En las últimas semanas hemos sido testigos del recrudecimiento de las acciones bélicas en Israel y Ucrania. La guerra es siempre una catástrofe que no se puede justificar bajo ninguna circunstancia y así lo expresó Juan Bautista Alberdi en su escrito de 1870: El Crimen de la Guerra. Por lo general se cree que el texto fue escrito en repudio a la Guerra del Paraguay o Guerra de la Triple Alianza (1865-1870), pero la realidad es que Alberdi escribió ese texto (que sería publicado luego de su muerte) para presentarlo al concurso de la “Liga Internacional y permanente para la Paz” que se llevó a cabo en Europa al finalizar la Guerra Franco-Prusiana.
El libro comienza analizando el origen histórico del derecho de guerra, destacando la paradoja que se presenta al analizar los hechos realizados por un individuo y por una nación, siendo que por lo general hay actos que cometidos por individuos son considerados como un delito, pero que al ser cometidos por un país son tomados como algo heroico y noble. Así las cosas, para Alberdi el crimen de la guerra reside en que cada una de las partes que participa en el conflicto cree tener la verdad y que el derecho los apoya en sus “legítimos” reclamos, sin considerar por un instante en si al otro le corresponde aunque sea una parte de razón. Así las cosas, en el pensamiento alberdiano la única guerra justificada sería la que se hace para defender la propia existencia, pero considera que el exceso en esta defensa convierte al agredido en agresor, con lo cual pierde su legitimidad.
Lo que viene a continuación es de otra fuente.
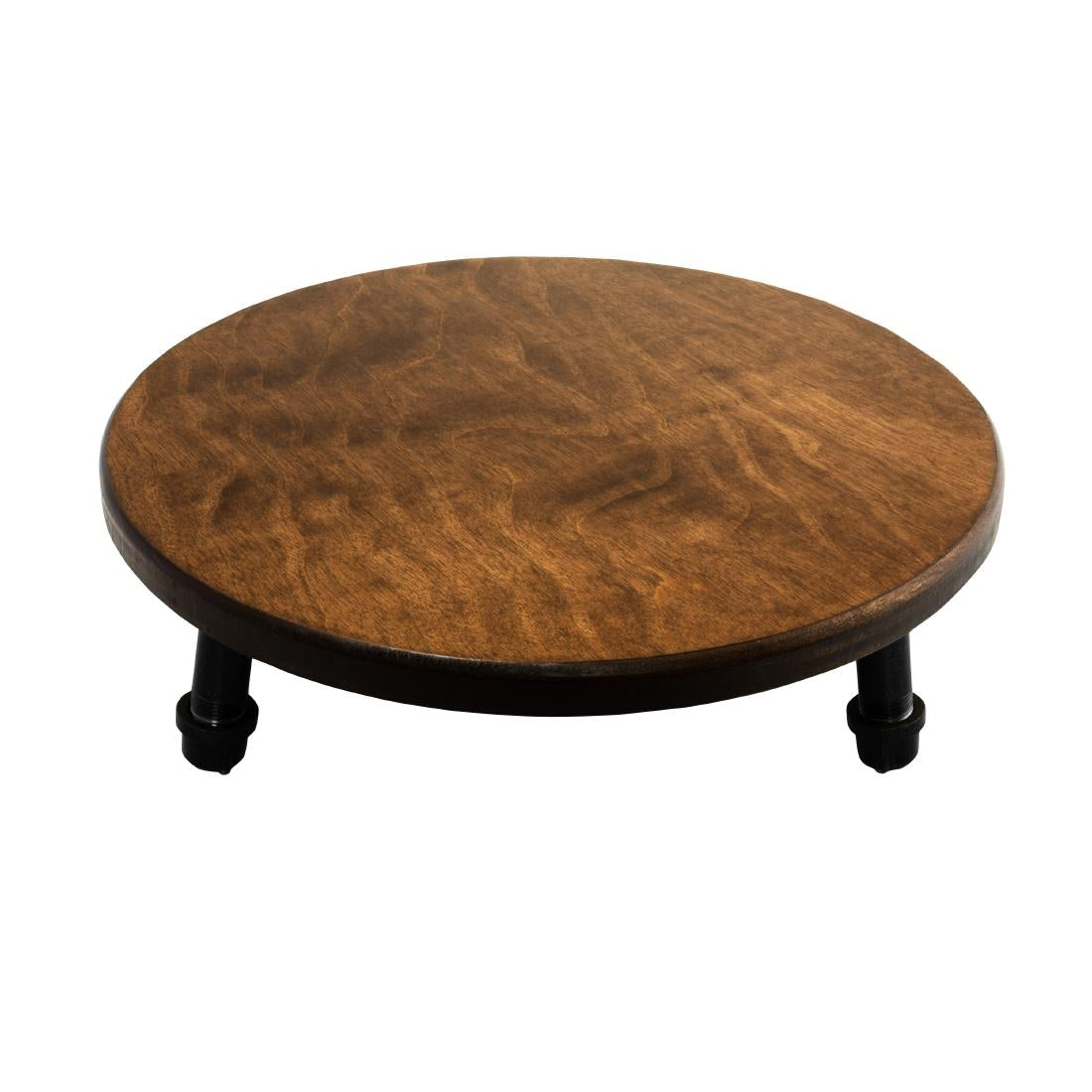VV3453 Steelite Chestnut Pipe Stand Short Leg 355x95mm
Al examinar las causas de las guerras, Alberdi encuentra que entre las principales están la búsqueda de territorios y de poder. Por esta misma razón, rechaza la idea de “guerra justa” porque sería lo mismo que hablar de “crimen justo”, o la idea de “guerra civilizada” porque sería lo mismo que hablar de “barbarie civilizada” una contradicción que no merece mayor análisis según él. Su propuesta para mitigar los conflictos armados se basa en la tradición medieval gala en la que cuando dos reyes estaban enfrentados, eran ellos los que tenían que luchar. Del mismo modo, proponía que las guerras fueran llevadas a cabo por los gobiernos y no por los ciudadanos, de esta manera habría menos posibilidad de conflictos.
En su opinión, la mejor manera de terminar los conflictos sería fomentando el libre comercio, ya que “cada tarifa, cada prohibición aduanera, cada requisito inquisitorial de frontera, es una atadura puesta a los pies del pacificador; es un cimiento puesto a la guerra”. En este sentido, la guerra debilita a los países porque les hace perder población y riqueza, ya que en lugar de fomentar el progreso fomenta el atraso. Por ello consideraba que el ferrocarril y el vapor eran mucho más provechosos que cualquier acuerdo internacional. Aunque lo más costoso de todo, según Alberdi, es que con la guerra se pierde la libertad. Es por ello que en su libro aboga por una paz basada en la libertad de comercio y la ausencia de proteccionismos.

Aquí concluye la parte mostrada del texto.